►

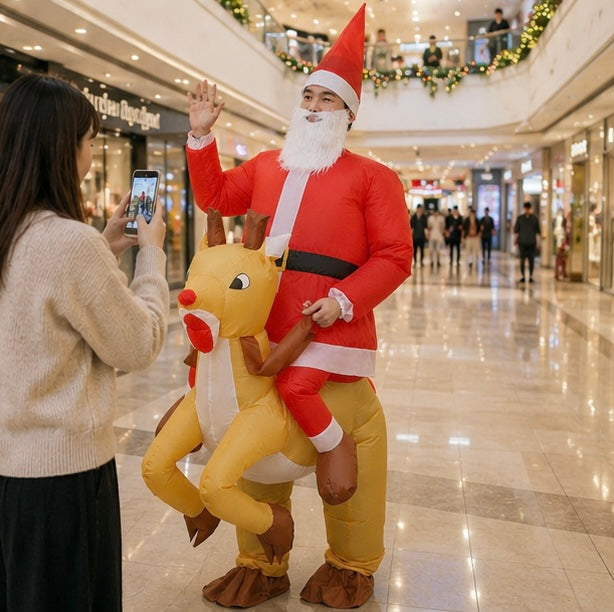 Opblaasbaar Kerstman Kostuum voor Volwassenen en Kinderen Feestdagen Verkleedkleding Kerst Outfit Carnaval | Sulvida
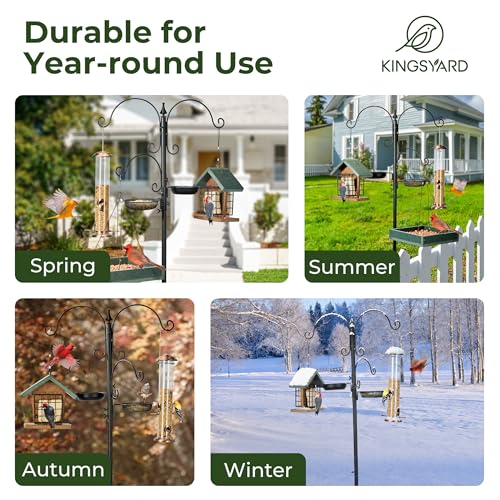 Kingsyard Bird Feeder Pole for Outdoors, 5-Prong Bird Feeding Station | 85-inch bird feeder pole with 3 adjustable hooks, seed tray and water bowl; tool-free setup with rust-resistant metal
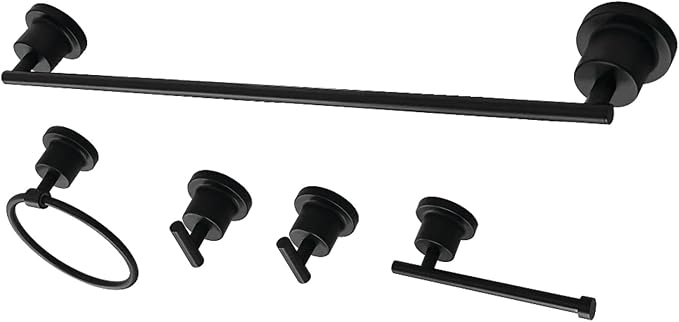 Kingston Brass BAH82134478MB Concord 5-Piece 24-Inch Towel Bar Bathroom Accessory Set in Matte Black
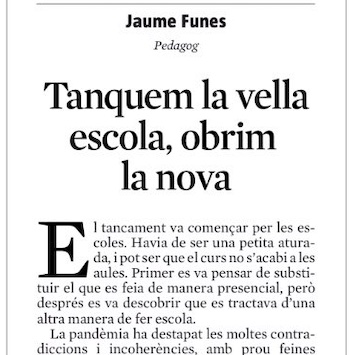 evallory's tweet photo. "No hauríem d'estar pensant en la manera d'acabar el curs, sinó en la manera de construir una escola nova que s'ha de poder encarregar de l'acompanyament educatiu personalitzat, i pensar-se com la manera de compensar les oportunitats que una part de l'alumnat no pot tenir a casa" https://t.co/uVW43nFp0Q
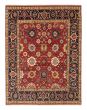 Bordered  Traditional Red Area rug 6x9 Indian Hand-knotted 332176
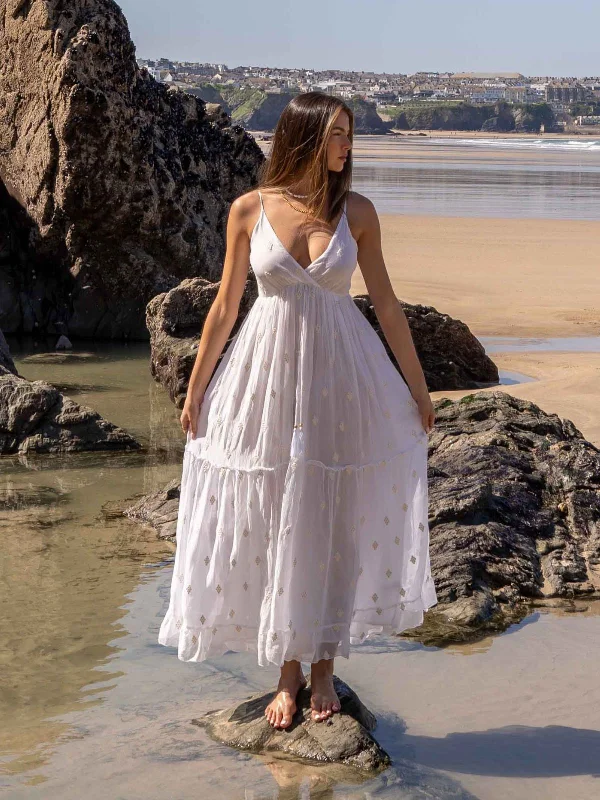 South Beach Marbella Tie Front Sequin Maxi Dress / White Comfortable Pleated Maxi Dress South Beach Marbella Tie Front Sequin Maxi Dress / White Comfortable Pleated Maxi Dress
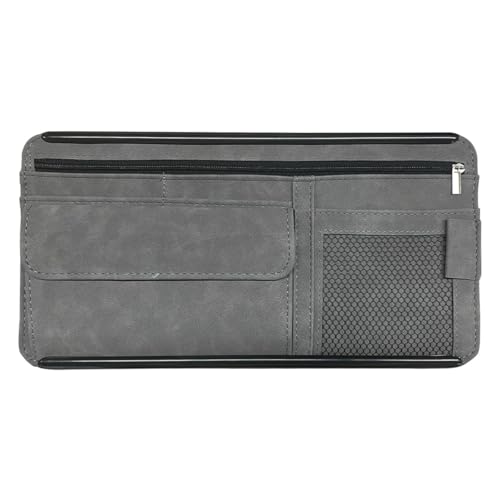 Suede Car Sun Visor Organizer with Multi-Pocket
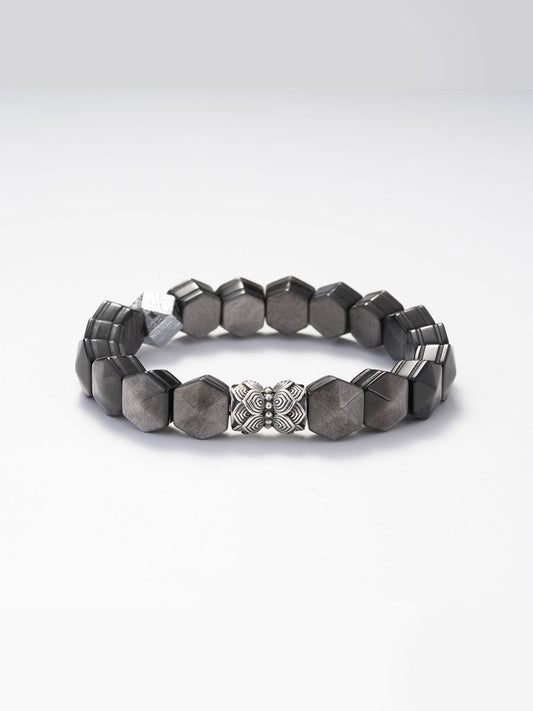 Samsara Six Realms Blessed Bracelet - Silver Sheen/Black, Lion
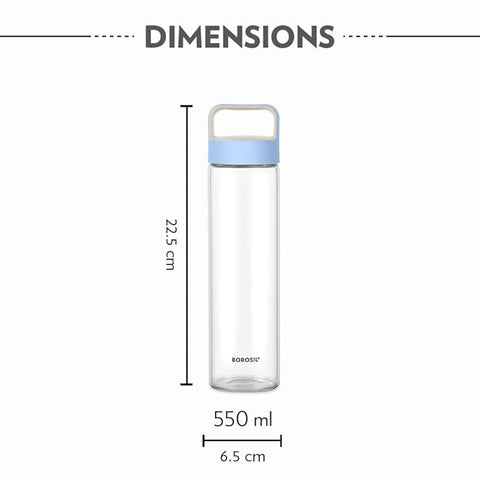 Borosil Borosilicate Glass Water Bottle with Leakproof Airtight Lid, Fridge Safe Wide Mouth Clear Bottle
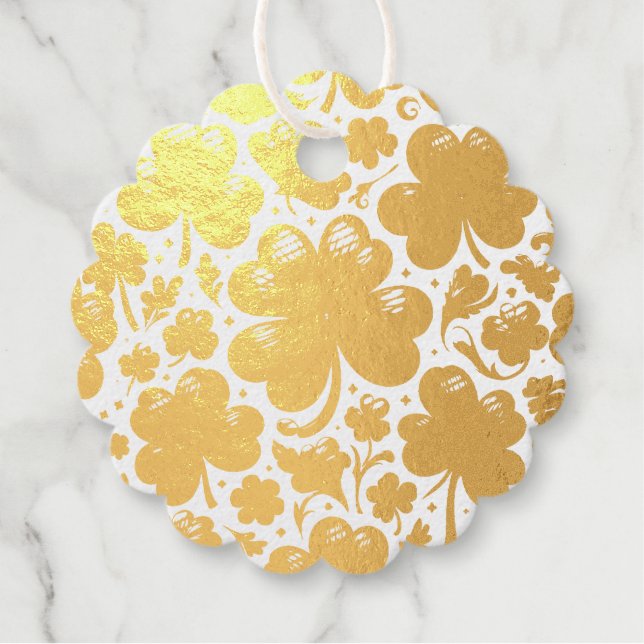St. Patrick’s Day Shamrock Foil Favour Tag (Front)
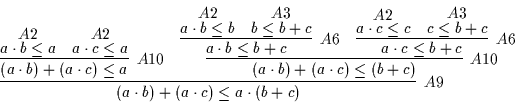 \begin{displaymath}
\infer
[A9]
{( a \cdot b ) + ( a \cdot c ) \leq a \cdot ( ...
...t c \leq c}
{}
&
\deduce
[A3]
{c \leq b + c}
{}
}
}
}
\end{displaymath}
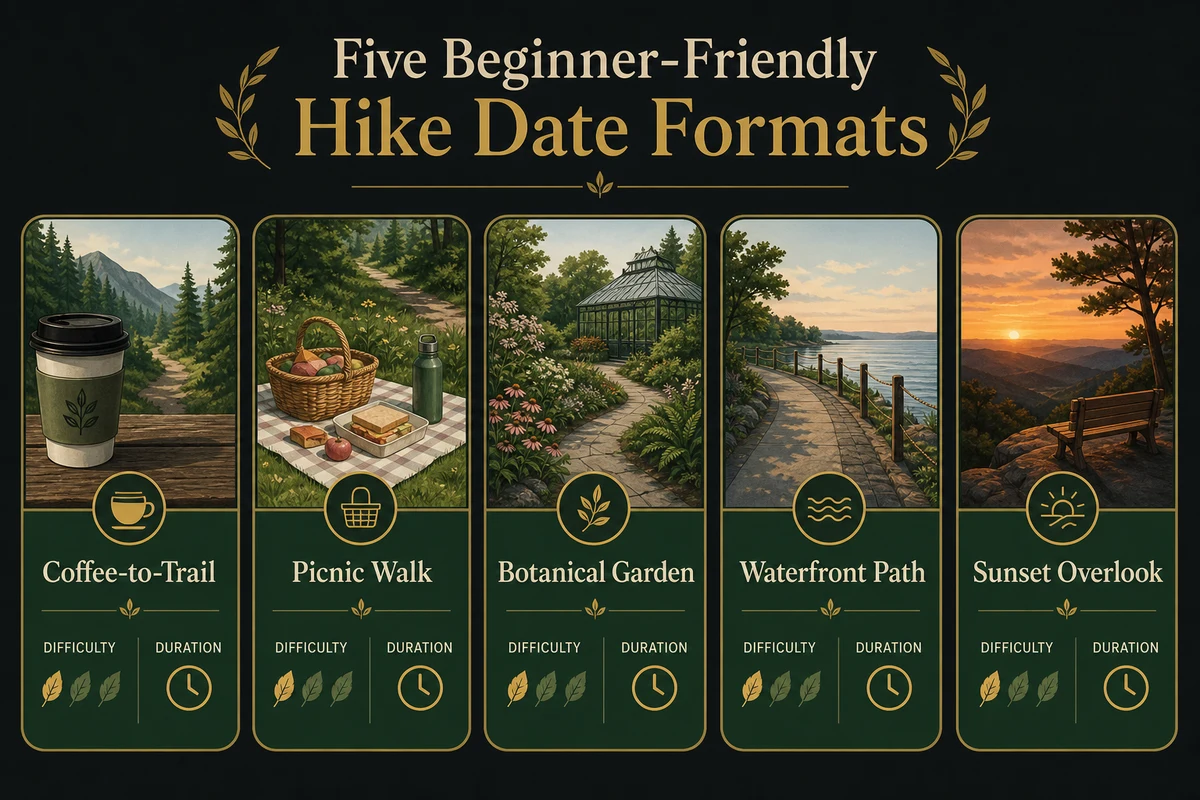 Hike date ideas — five beginner trail date concepts displayed as illustrated cards showing nature walk with coffee picnic hike botanical garden trail waterfront path and sunset overlook hike with difficulty ratings and time estimates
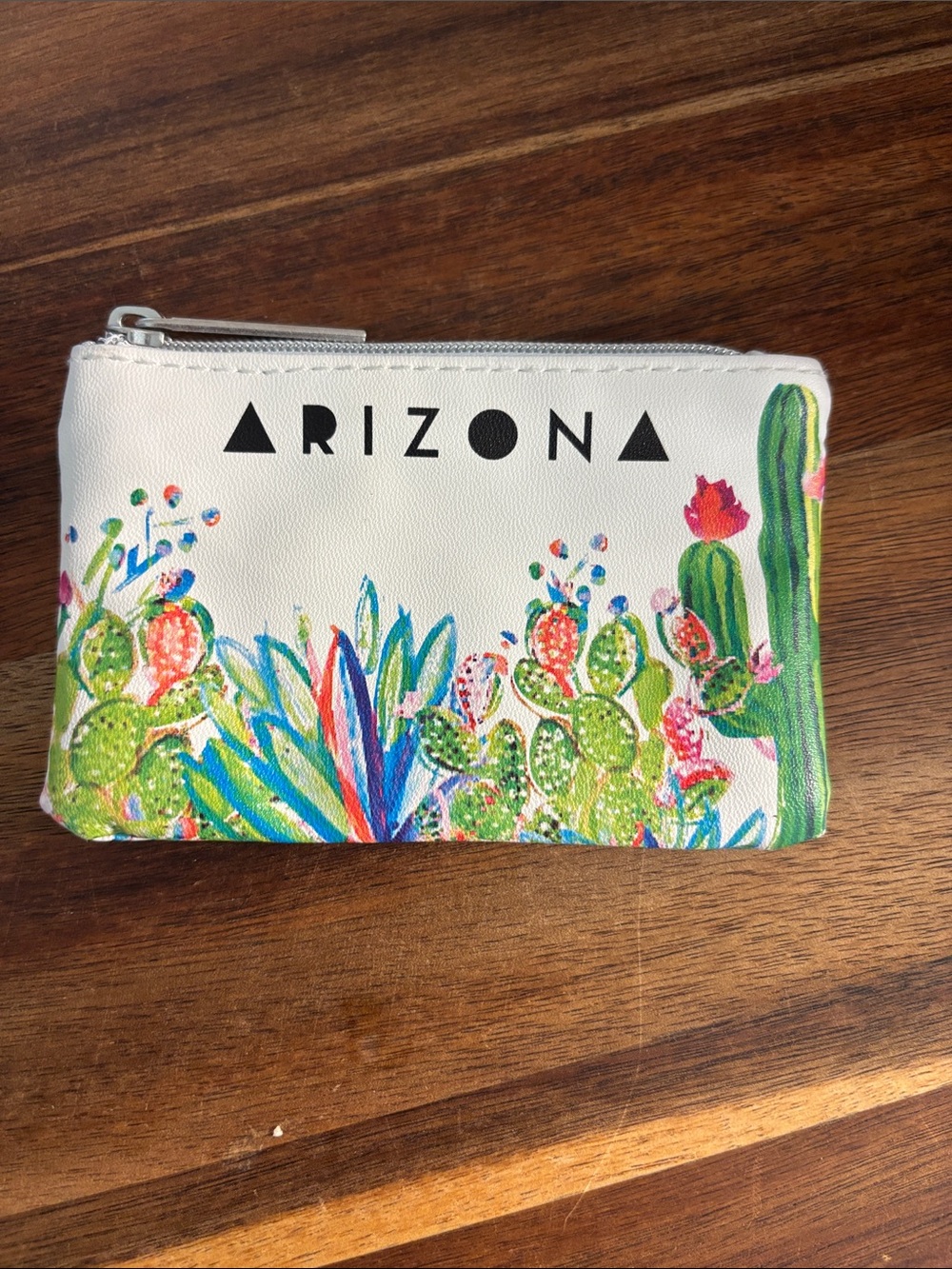 Starbucks white Arizona Coin purse featuring cactus and flowers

◄

* Assignment *
With the pictures excluded, retype exactly the lines from the one containing "Kingston Brass BAH82134478MB" through the last line of the listing, both ends included.

* Exercise answer *
 Kingston Brass BAH82134478MB Concord 5-Piece 24-Inch Towel Bar Bathroom Accessory Set in Matte Black
 evallory's tweet photo. "No hauríem d'estar pensant en la manera d'acabar el curs, sinó en la manera de construir una escola nova que s'ha de poder encarregar de l'acompanyament educatiu personalitzat, i pensar-se com la manera de compensar les oportunitats que una part de l'alumnat no pot tenir a casa" https://t.co/uVW43nFp0Q
 Bordered  Traditional Red Area rug 6x9 Indian Hand-knotted 332176
 South Beach Marbella Tie Front Sequin Maxi Dress / White Comfortable Pleated Maxi Dress South Beach Marbella Tie Front Sequin Maxi Dress / White Comfortable Pleated Maxi Dress
 Suede Car Sun Visor Organizer with Multi-Pocket
 Samsara Six Realms Blessed Bracelet - Silver Sheen/Black, Lion
 Borosil Borosilicate Glass Water Bottle with Leakproof Airtight Lid, Fridge Safe Wide Mouth Clear Bottle
St. Patrick’s Day Shamrock Foil Favour Tag (Front)
 \begin{displaymath}
\infer
[A9]
{( a \cdot b ) + ( a \cdot c ) \leq a \cdot ( ...
...t c \leq c}
{}
&
\deduce
[A3]
{c \leq b + c}
{}
}
}
}
\end{displaymath}
 Hike date ideas — five beginner trail date concepts displayed as illustrated cards showing nature walk with coffee picnic hike botanical garden trail waterfront path and sunset overlook hike with difficulty ratings and time estimates
 Starbucks white Arizona Coin purse featuring cactus and flowers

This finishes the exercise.